Start of Block

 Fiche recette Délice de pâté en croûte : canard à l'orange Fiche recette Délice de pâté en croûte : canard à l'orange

End of Block
Start of Block

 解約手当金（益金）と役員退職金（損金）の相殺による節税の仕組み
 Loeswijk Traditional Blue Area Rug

End of Block
Start of Block

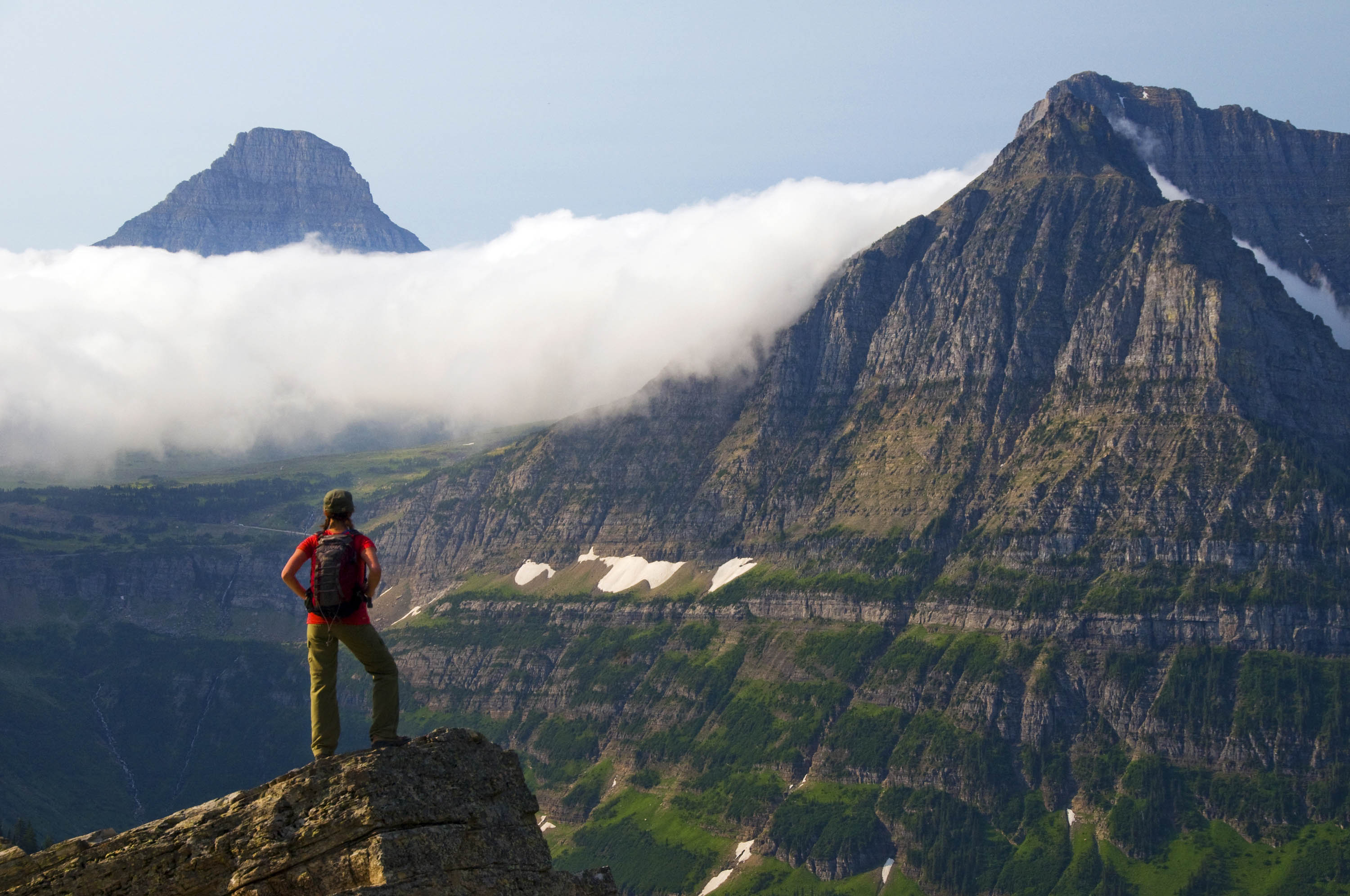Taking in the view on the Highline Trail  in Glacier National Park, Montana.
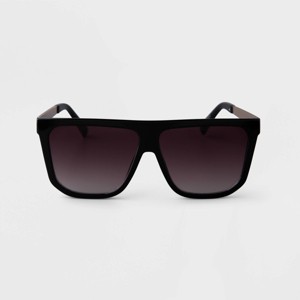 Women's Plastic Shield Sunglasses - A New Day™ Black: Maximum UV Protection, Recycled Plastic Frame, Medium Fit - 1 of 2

End of Block

Your copy should hold the lines from the one with "Taking in the" up to and including the one with "Women's Plastic Shield", exactly as in the data above, and no pictures.

* **SOLUTION TO THE PROBLEM**:
Taking in the view on the Highline Trail  in Glacier National Park, Montana.
 Women's Plastic Shield Sunglasses - A New Day™ Black: Maximum UV Protection, Recycled Plastic Frame, Medium Fit - 1 of 2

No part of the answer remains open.